*** INPUT RECORDS Section Begins ***
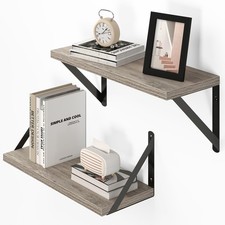 Deep Floating Shelves for Wall, 16W x 6D Rustic Grey Wood Wall Shelves Set of...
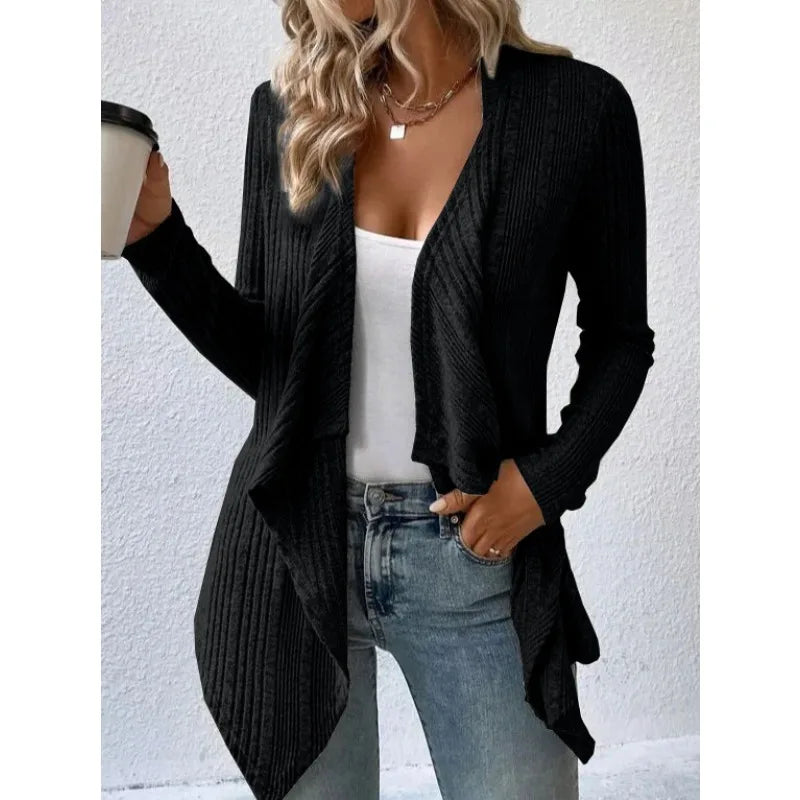 Autumn/Winter New Women's Cardigan Top Solid Color Casual Fashionable Loose Long Sleeve Knitted Sweater Jacket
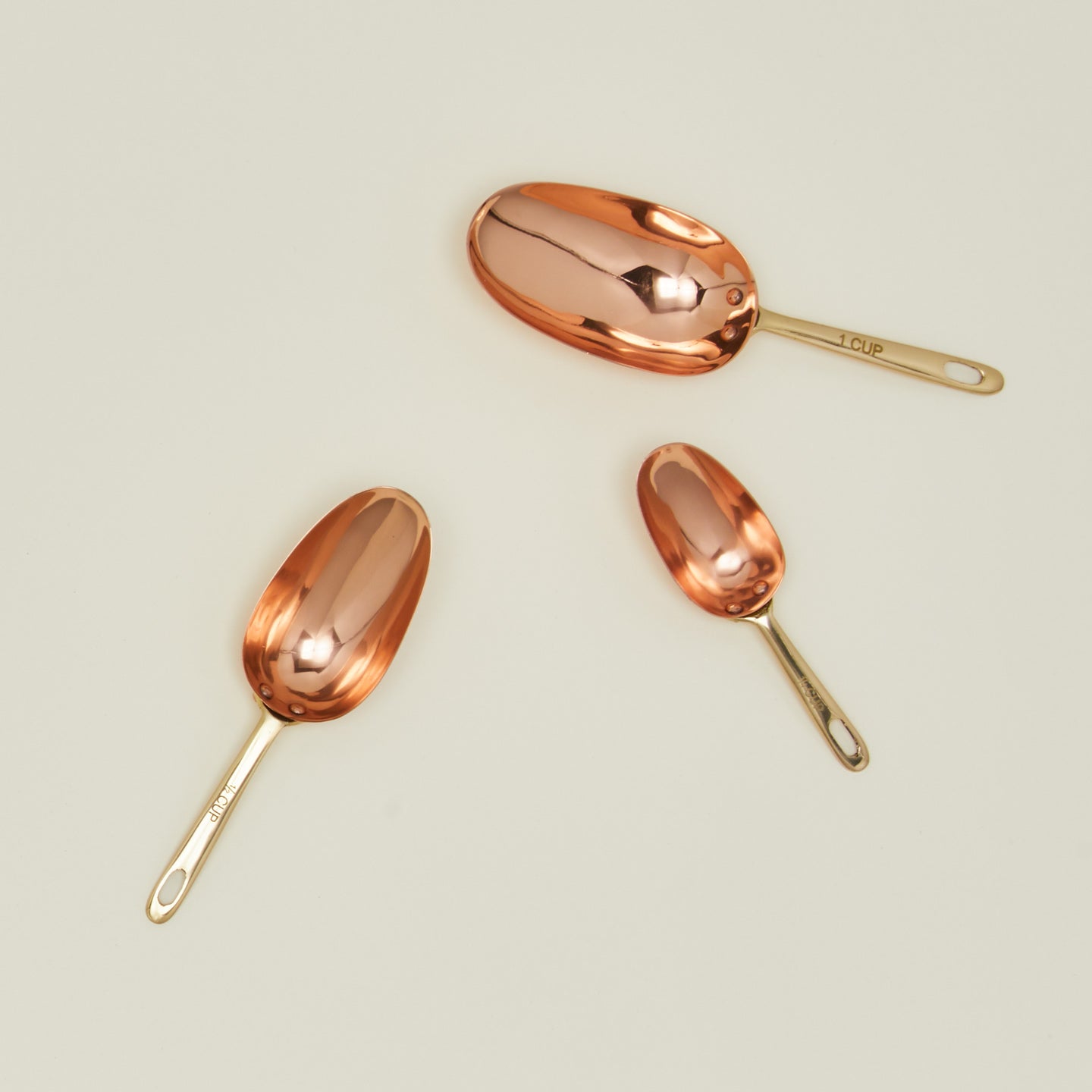 Copper measuring scoops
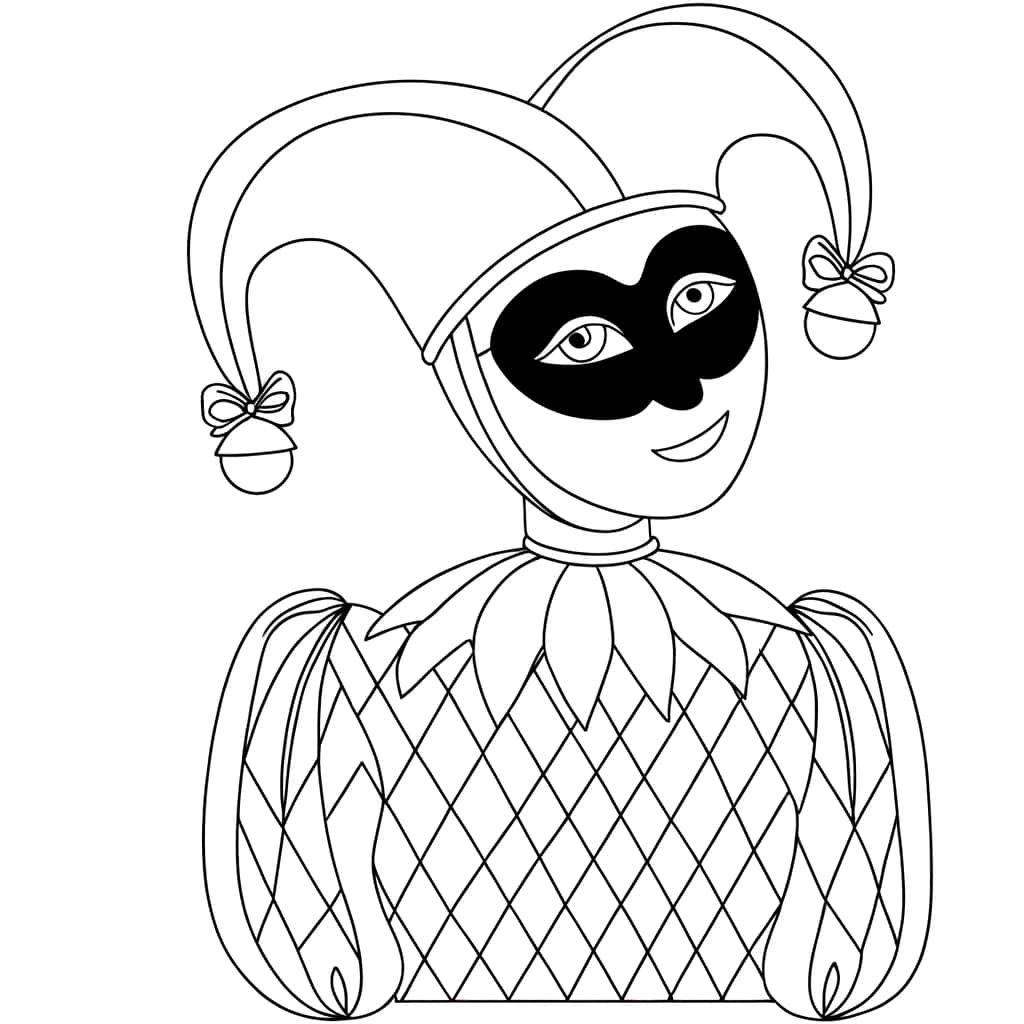 Coloriage Arlequin joyeux à imprimer et colorier
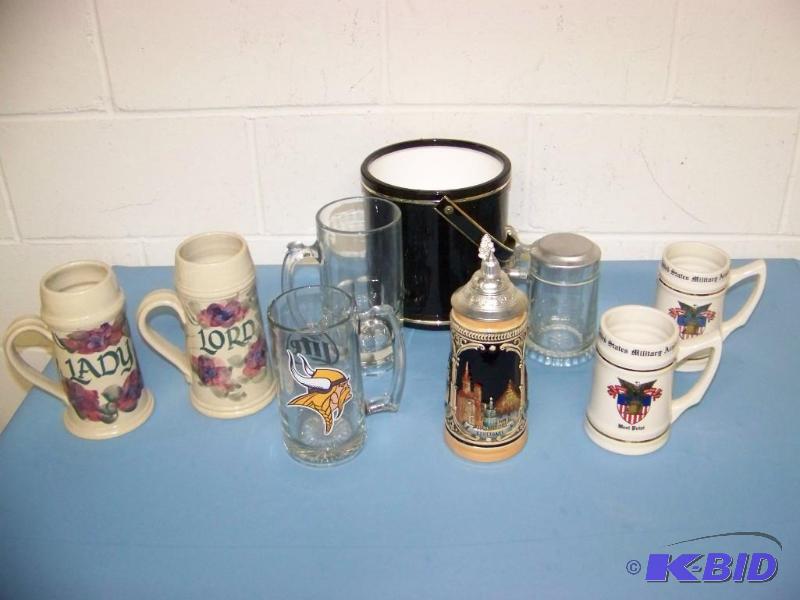 lot 12 image: Beer Stein, Minnesota Vikings Mug, Miscellaneous Mugs and Ice Bucket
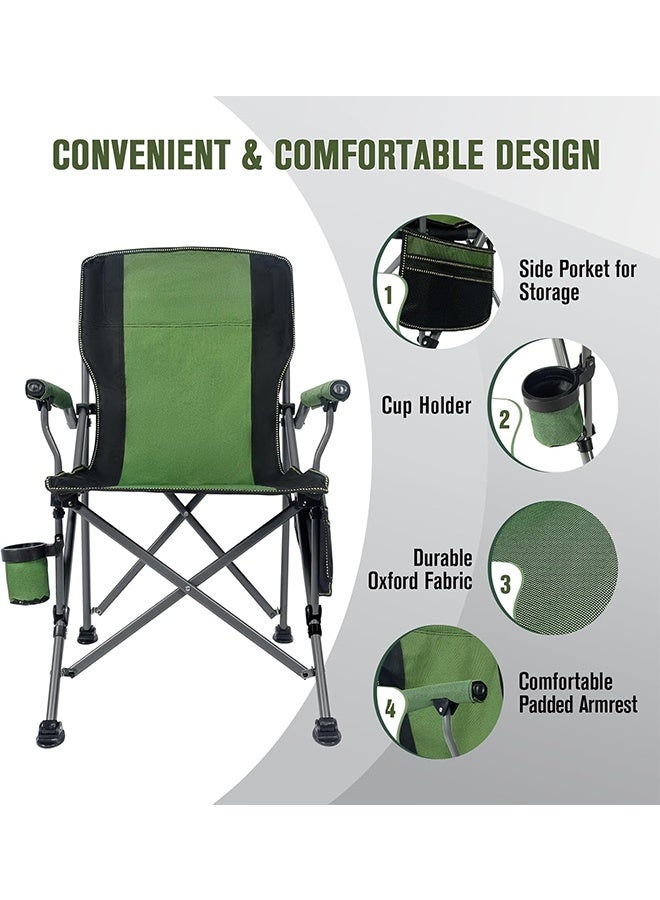 Beauenty Outdoor Portable Camping Chair, Lightweight Folding Camping Chair, Heavy Duty Support 145KG, High Back Padded Lawn Chair with Arm Rest Cup Holder and Portable Carrying Bag ﻿ (green) - Image 4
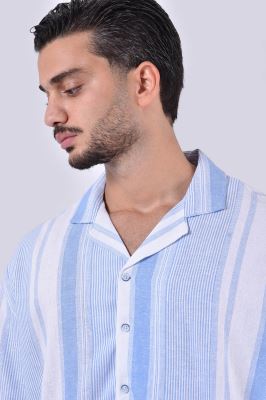 پیراهن آستین کوتاه راه راه مردانه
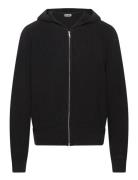 Boxy Knitted Hoodie Tops Sweat-shirts & Hoodies Hoodies Black Weekday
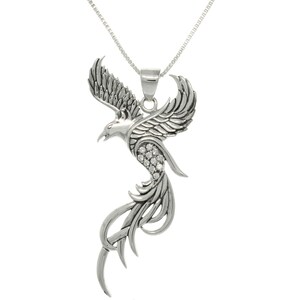 Eagle Phoenix with Cubic Zirconia Sterling Silver Pendant Necklace 18&quot; | Jewelry Trends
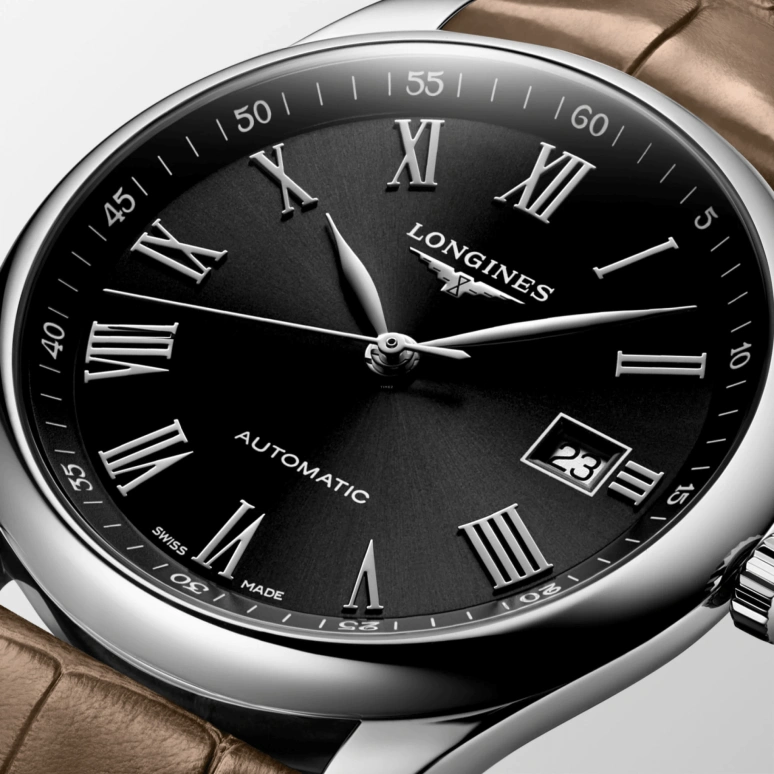 Longines,Master 40mm,40mm,Stainless Steel,Black,Automatic,Day,64hours,L2,L2.793.4.59.2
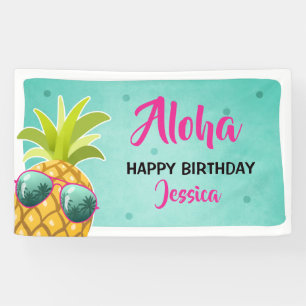 Bannière d'anniversaire Aloha Pineappy Tropical Lu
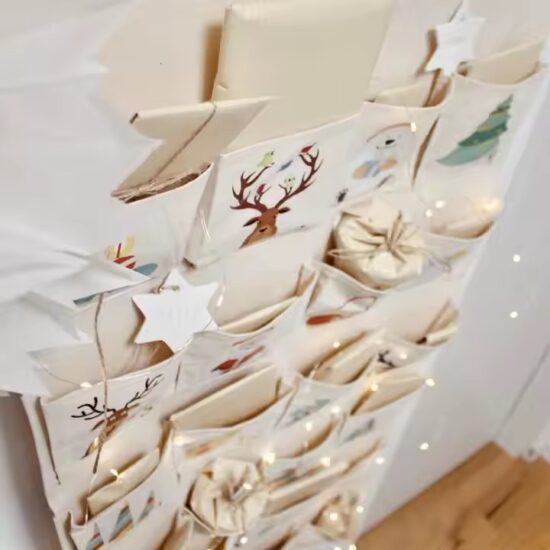 Custom Christmas wall pocket calendar with countdown design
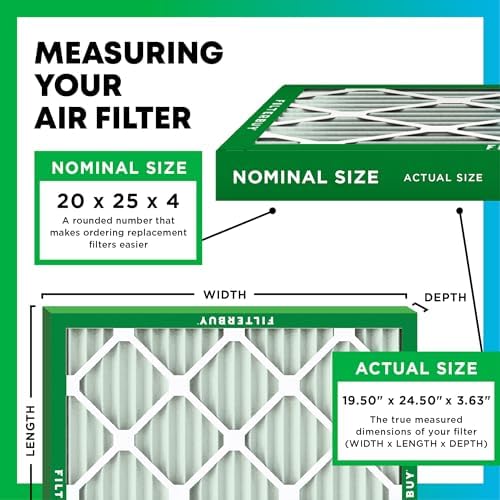 Filterbuy 20x25x4 Air Filter MERV 11 Pet & Allergy Defense (2-Pack)
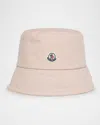 Moncler Logo Bucket Hat In Light Pink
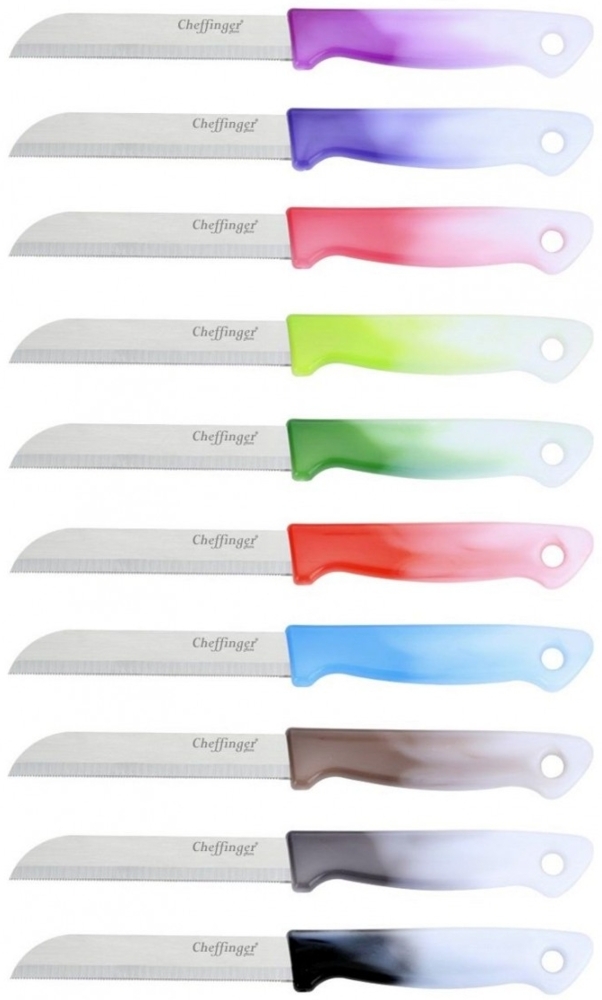 10er Set Cheffinger Messer-Set Küchenmesser Kochmesser CF-MKS bunt Bild 1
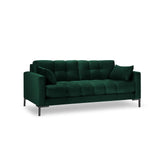 Mamaia 3-Sitzer Sofa, Metallbeine Schwarz, mit Bezug aus Samt (Blu78) in Flaschengrün, 177x96 cm – Bild 1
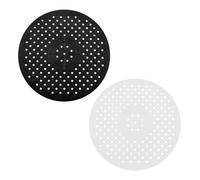 ZBHDEYG Lot de 2 tapis de protection pour évier, ronds, tapis de vidange d'évier, tapis d'évier, tapis de vaisselle de cuisine, noir, blanc, caoutchouc uni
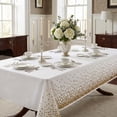 thumbnail image 3 of Plastic Table Cloth Disposable 6 Pack, 54 x 108 Inch, White, Black Dot, for Party Picnic Wedding, 3 of 6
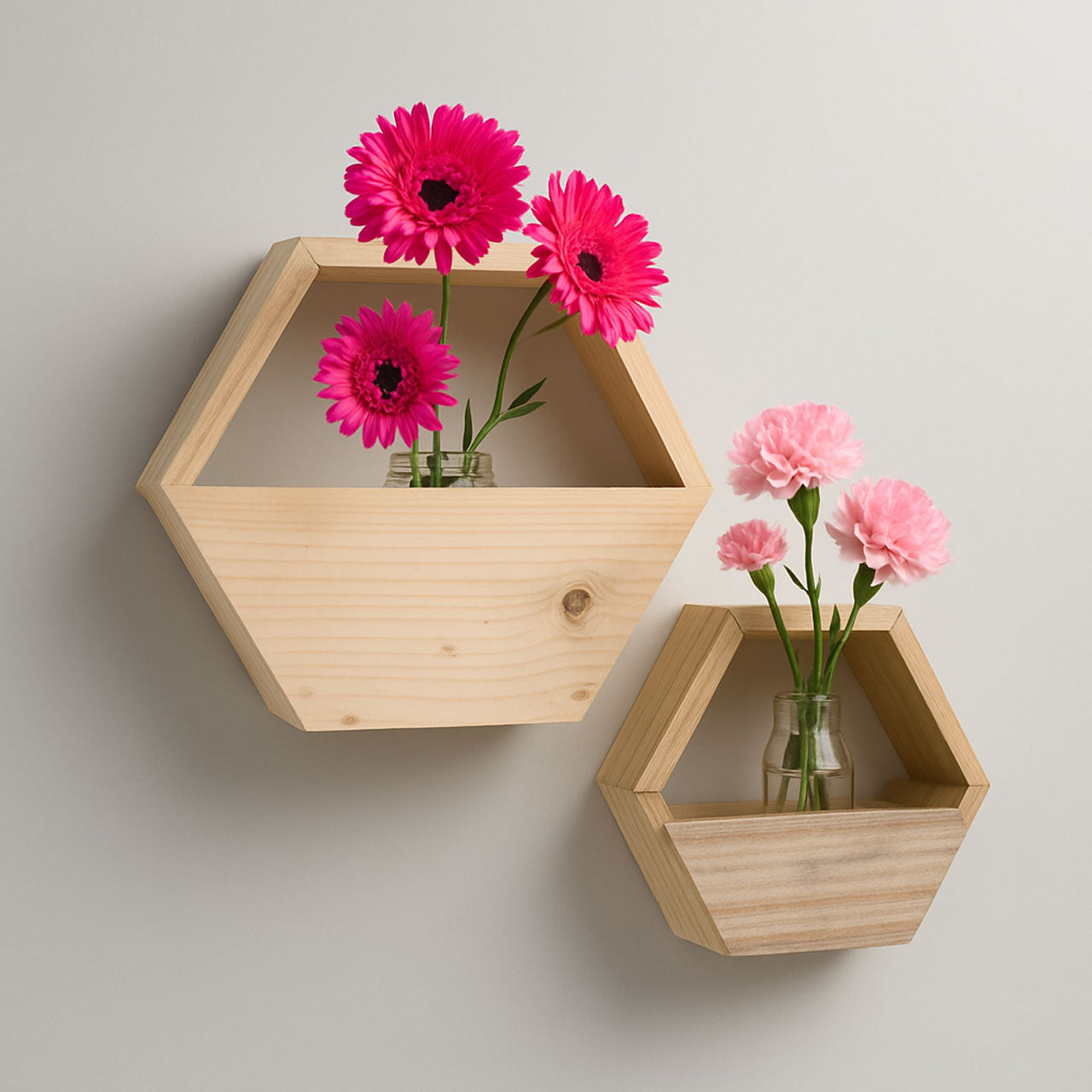 Hexagon wooden basket and gifting box or Plant Stand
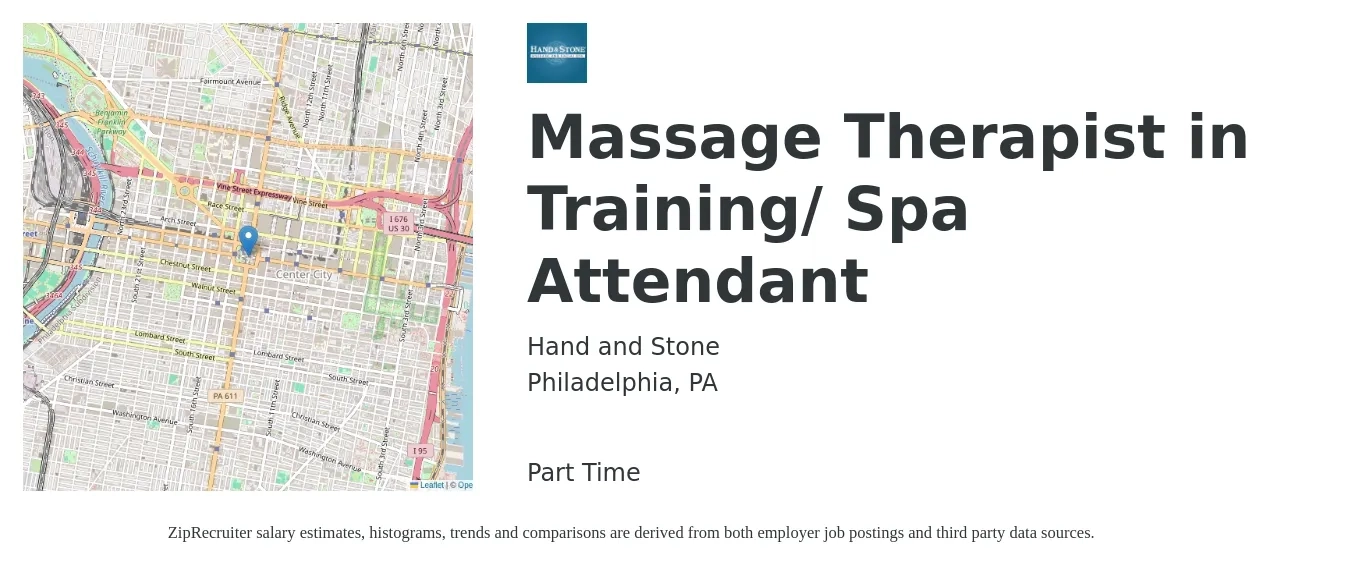 Hand & Stone - South Philadelphia job posting for a Massage Therapist in Training/ Spa Attendant in Philadelphia, PA with a salary of $35 to $45 Hourly with a map of Philadelphia location.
*** INPUT RECORDS Section Ends ***
* TASK REQUIREMENTS *
Copy exactly the part of the material above that opens with the line containing "Eagle Phoenix with" and closes with the line containing "ZBHDEYG Lot de", ends included. Drop the images.

* TASK OUTPUT *
 Eagle Phoenix with Cubic Zirconia Sterling Silver Pendant Necklace 18&quot; | Jewelry Trends
 Longines,Master 40mm,40mm,Stainless Steel,Black,Automatic,Day,64hours,L2,L2.793.4.59.2
 Bannière d'anniversaire Aloha Pineappy Tropical Lu
 Custom Christmas wall pocket calendar with countdown design
 Filterbuy 20x25x4 Air Filter MERV 11 Pet & Allergy Defense (2-Pack)
 Moncler Logo Bucket Hat In Light Pink
 10er Set Cheffinger Messer-Set Küchenmesser Kochmesser CF-MKS bunt Bild 1
 Mamaia 3-Sitzer Sofa, Metallbeine Schwarz, mit Bezug aus Samt (Blu78) in Flaschengrün, 177x96 cm – Bild 1
 ZBHDEYG Lot de 2 tapis de protection pour évier, ronds, tapis de vidange d'évier, tapis d'évier, tapis de vaisselle de cuisine, noir, blanc, caoutchouc uni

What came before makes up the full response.